James Tissot (1836 - 1902) "Journey of the Magi" ( 1894)

Poor Befana, condemned to walk the night for all eternity like Ahasverus or Melmoth the Wanderer, has acquired a few more sombre aspects. Sometimes, it is not the infant saviour she asks for but her child who had died in a plague. In other variants of the legend her son was slain by order of Herod the Great during the Massacre of the Innocents and a doll that once had belonged to him or a robe sewn from her wedding dress given as gifts certainly carry a somewhat melancholy tune. But she remains a friendly sort and whatever made her appear as a witch, the worst she does is leaving garlic, onion or the ubiquitous lump of coal for naughty children in Italy and in Italian communities across the world while the rest receives gifts. La Befana appeared in Italy for the first time in her current guise during the late Middle Ages and she rode either a donkey or even a broom, the one she uses to sweep the house, and became known as the Christmas Witch. However, it’s safe to assume that some older customs and aspects of the Crone and ancient deities shine through La Befana’s appearance. The story of the Triple Goddess, the Maiden, Mother and the Crone, is ages old, naturally, and often told to reflect the seasonal cycle. La Befana, the old witch, walking the night and giving gifts towards the end of the year or just around the beginning of the new might very well echo ancient customs of the Italian peninsula. Once, before the Christians and even before Rome was built on her seven hills, there was a cult among the Sabines, the ones whose women were famously abducted by Romulus, revering a goddess known as Strenua. To honour her, they gave gifts at the beginning of the New Year known as strenae and in Roman times, Strenua had her shrine and a sacred grove on the Via Sacra on Capitoline Hill and a procession on 1 January when twigs from the grove were carried up to the old citadel, somewhere near the place where the Basilica di Santa Maria in Ara coeli al Campidoglio stands since the last 1,500 years. 
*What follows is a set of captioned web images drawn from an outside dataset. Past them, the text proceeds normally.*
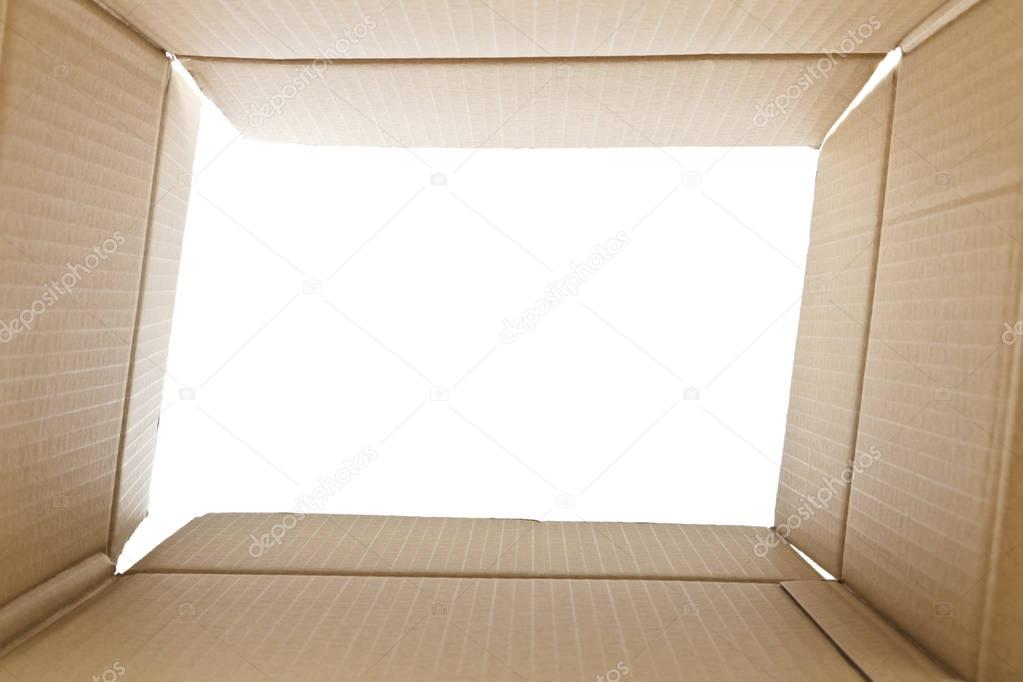 View from inside a cardboard box
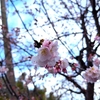 1本だけ桜が咲いていました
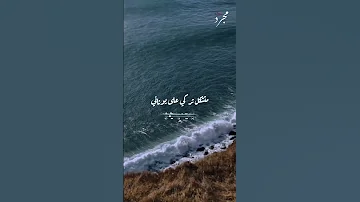 يا دلعك ياللي مدلعهم 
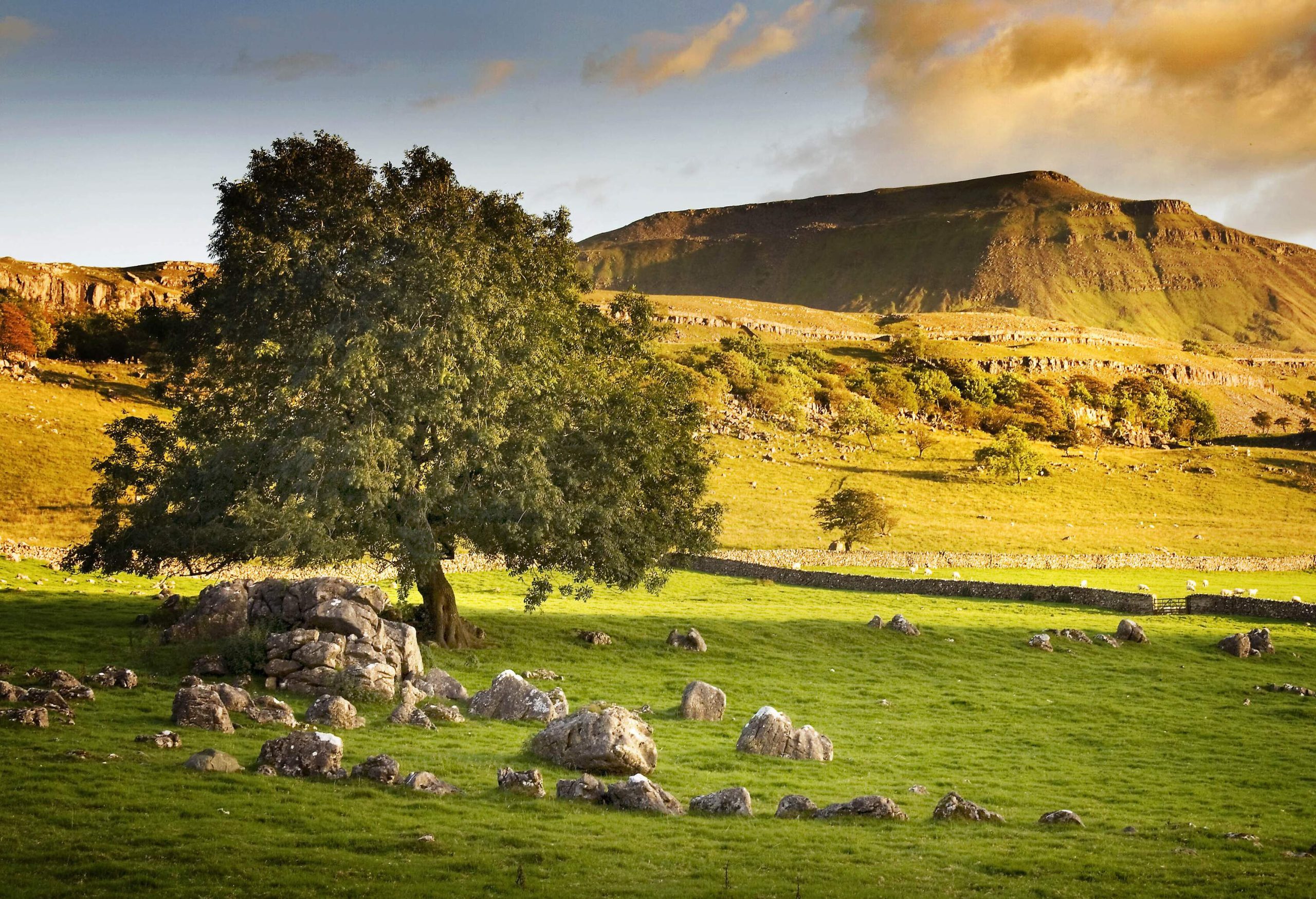 Trees and limestones dot the broad grasslands, while a verdant hill bathed in sunlight can be seen off in the distance.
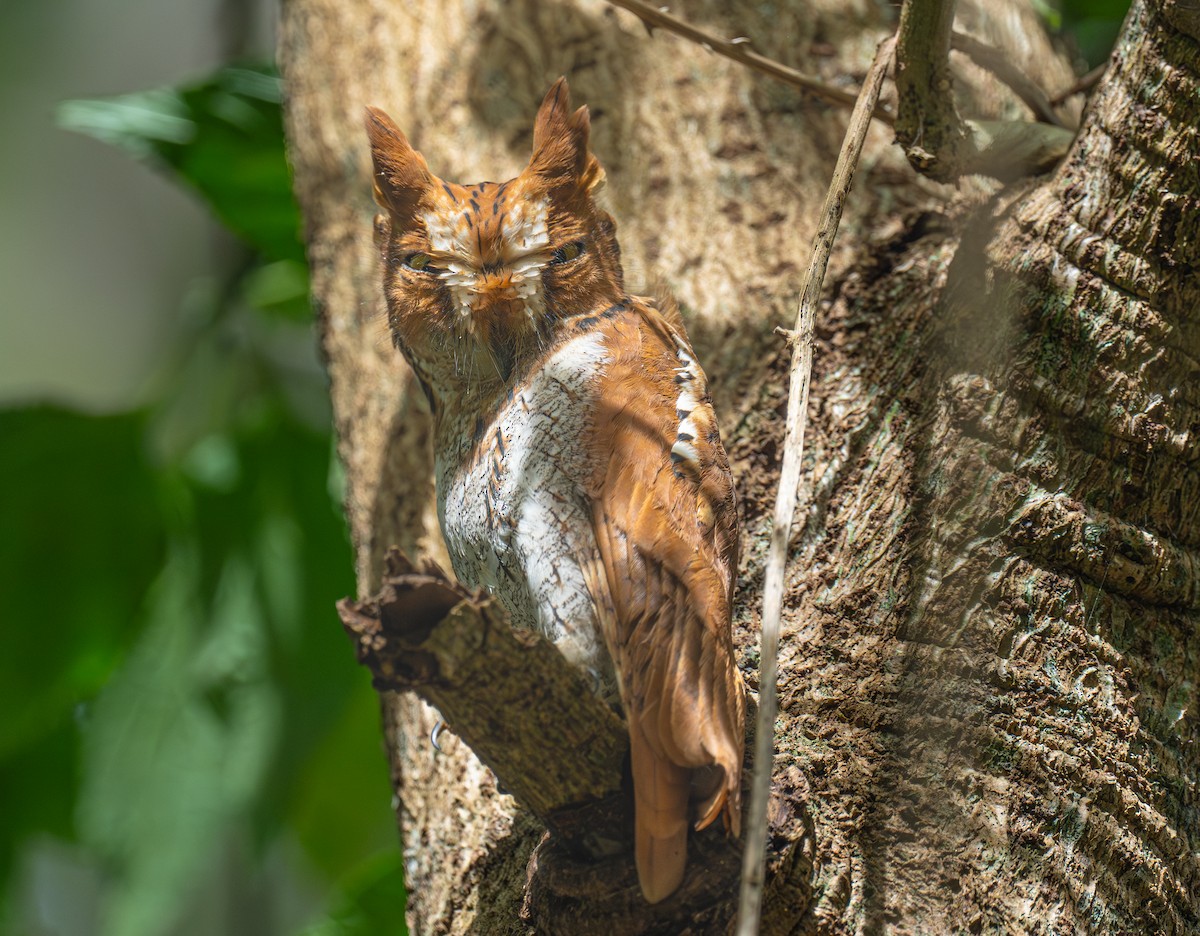 Oriental Scops-Owl - ML643229524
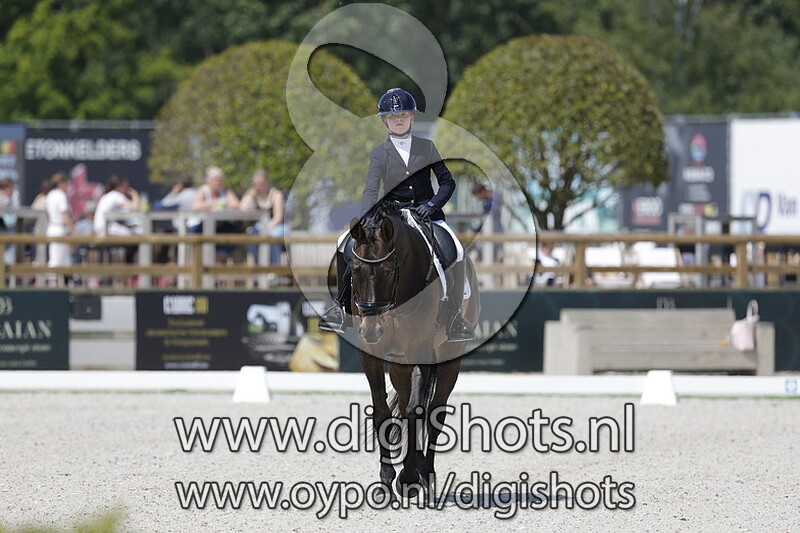 Erpedo vd Performing Stables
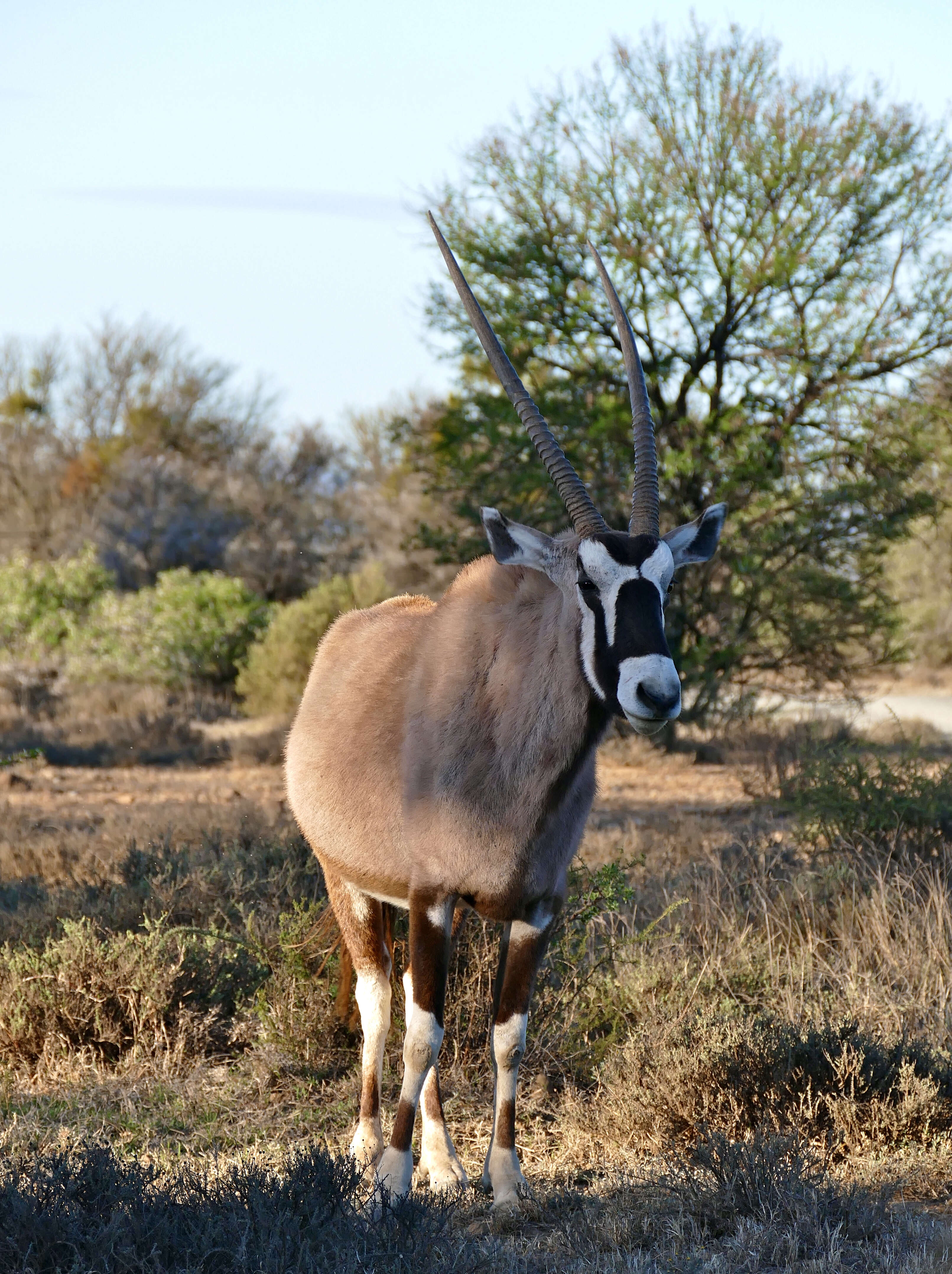 Image of Oryxes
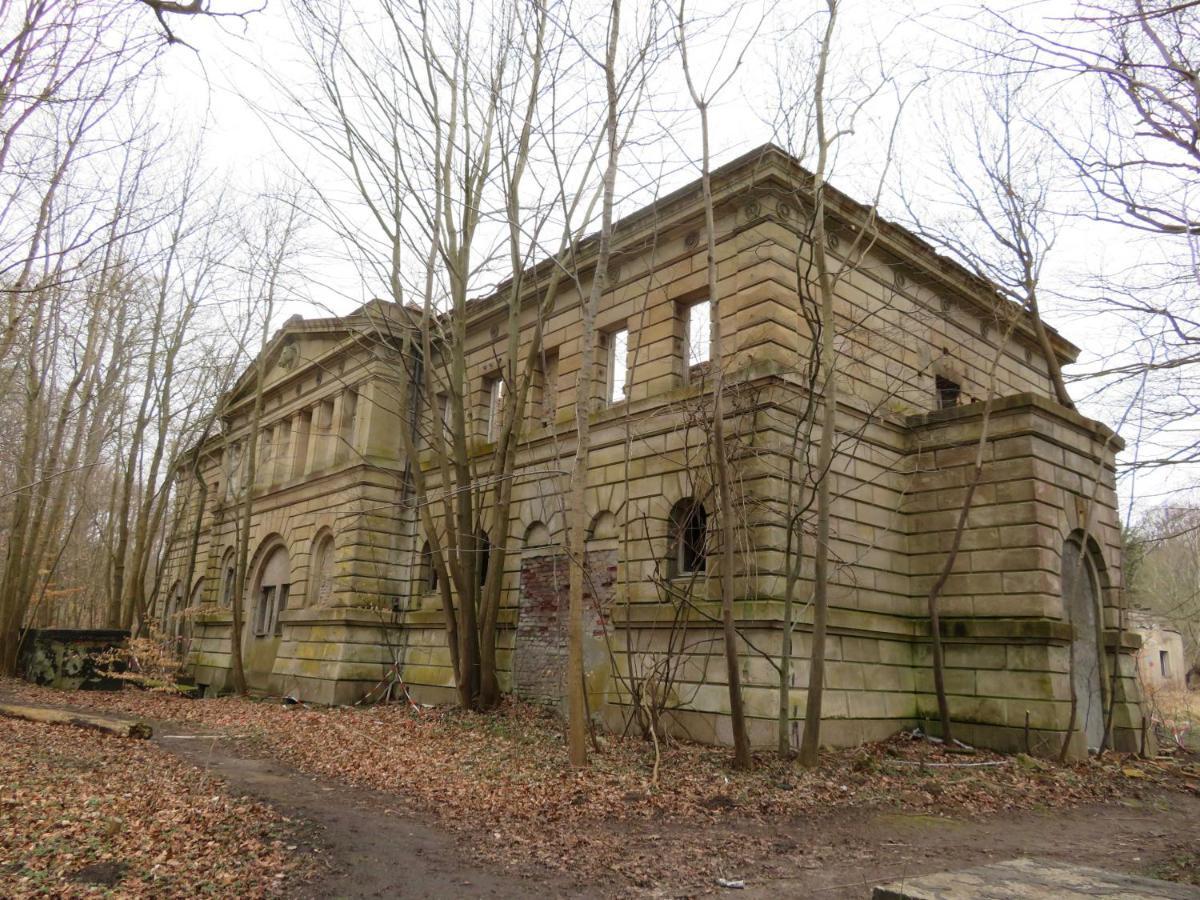 Pension Waldrose Sellin  Rum bild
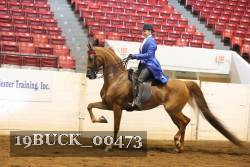 19BUCK_00473 proof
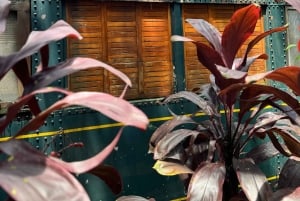 Cafés, rues et histoires : photographier l'âme urbaine de Medellín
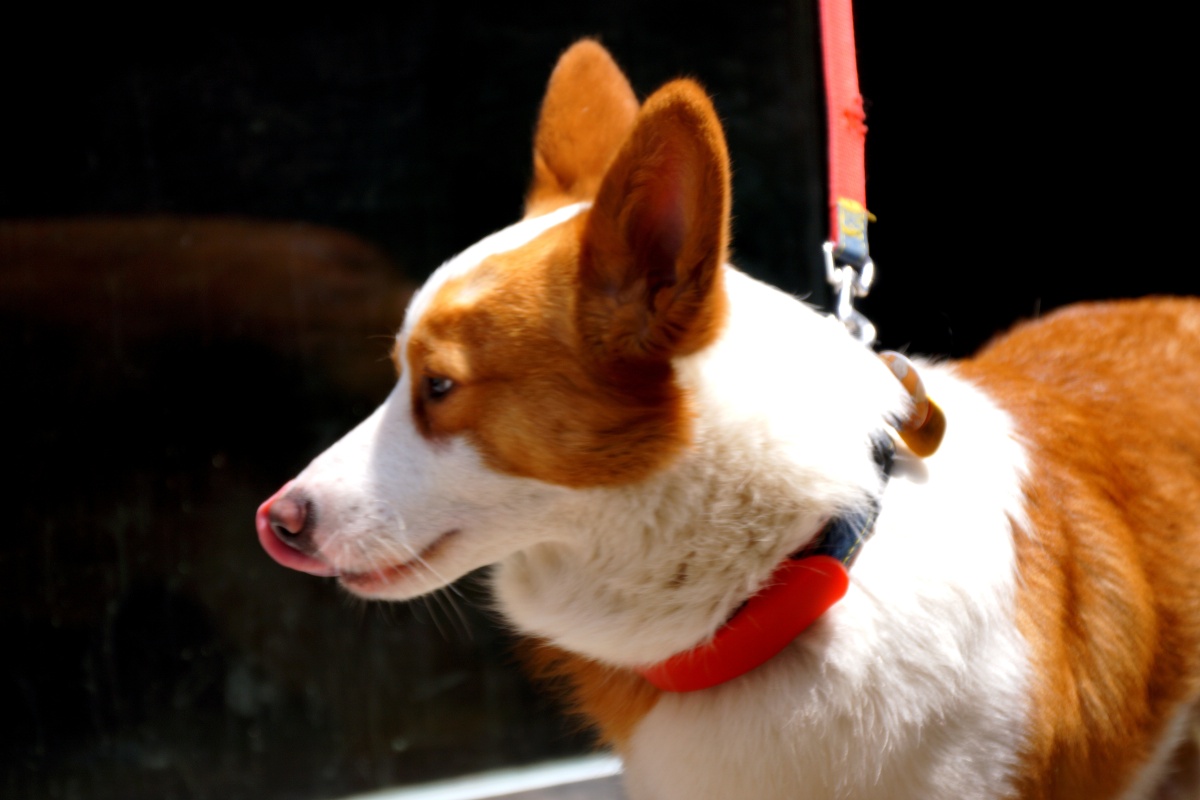 威尔士柯基犬(welsh corgi pembroke)是一种小型犬,它们的胆子很大,也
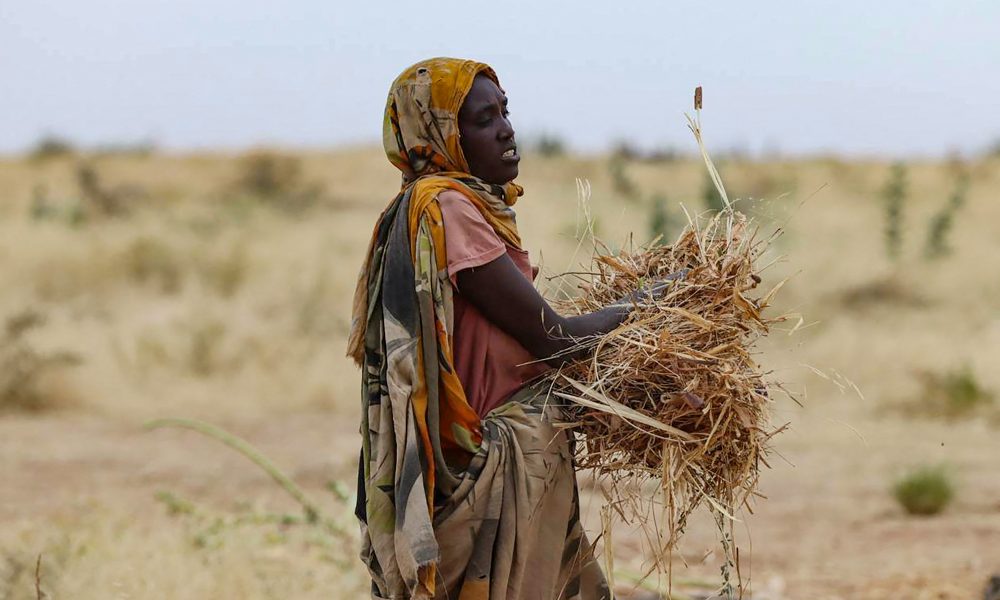 sudan famine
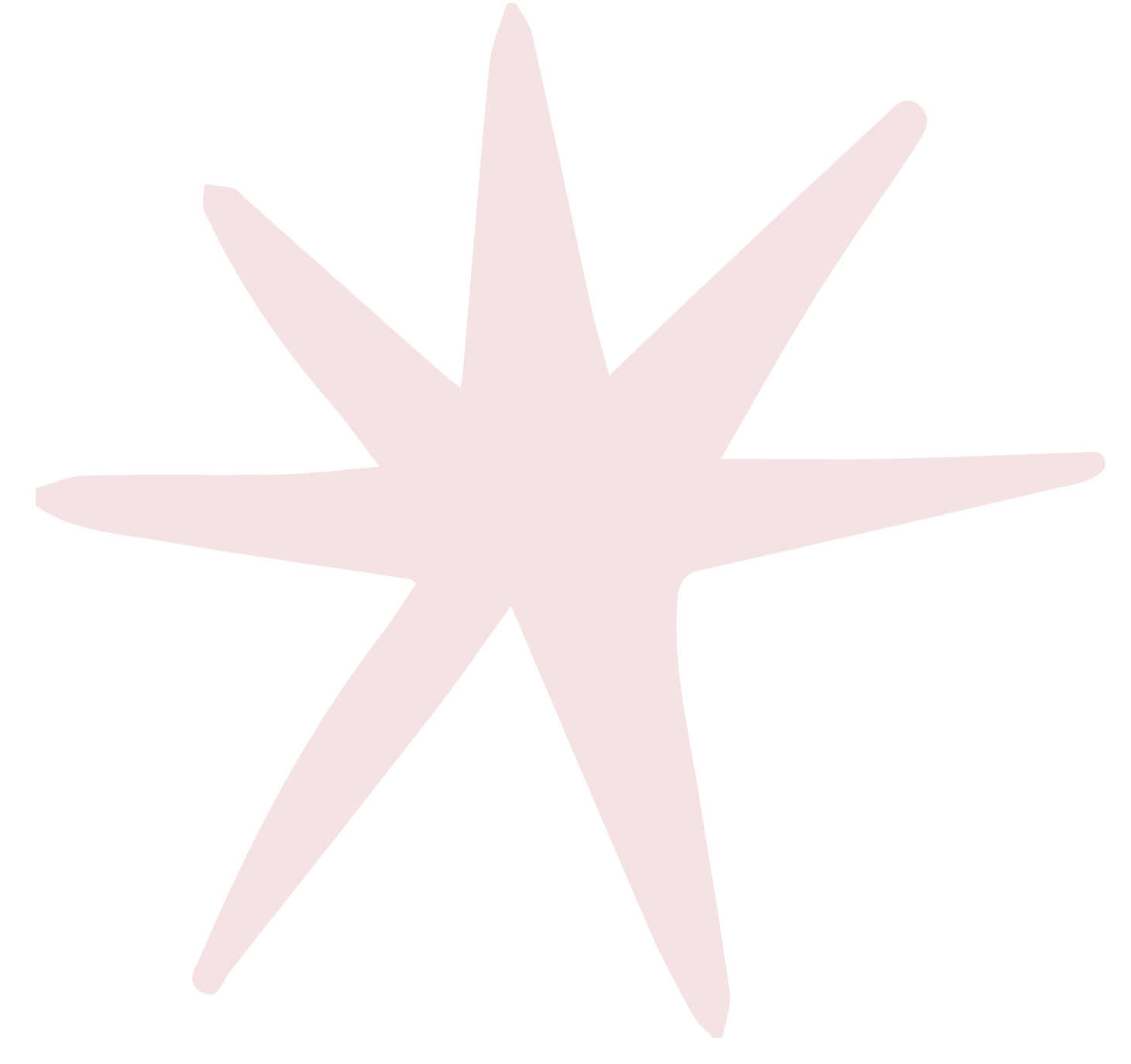 Stylized pale pink five-pointed starfish silhouette on a black background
A Perchten mask from Austria

And who knows, maybe the witchy part of La Befana was blown across the Alps from the snowy north with the Tramontane and the Goths, Lombards and the rallying cry “Wibbelingen!”, Waiblingen in Swabia, of the Ghibellines. And up there, in the cradle of the Tramonate in the mountains and on the upper reaches of the River Rhine, where once the Alemanni and Suebi gathered, the goddess Bertha or Perchta roamed through the nights during the twelve days between Christmas and Epiphany and found out whether children were naughty or nice. Sweets or coal, however, were not to be found in the arsenal of a walker of the Rauhnächte, the rough nights, rooting back to the Dark Ages. Perchta would leave hard cash, a silver coin, in the shoes of well-behaved little ones, whatever that meant in the 8th century. Those who weren’t got their bellies slit, their guts eaten and their abdominal cavity stuffed with straw. By the end of the Middle Ages, the custom to leave food and drink during the Rauhnächte for Frau Perchta was condemned in Austria and Southern Germany and the Perchtenläufe, display processions with people wearing masks and costumes not unlike that of Krampus, were banned well until the folklore revivals of the 19th century. Italy, though, maintained the more gentle customs of La Befana and in one version of the story, she even finds the Christ child, gives him her gifts and he blessed her with a smile.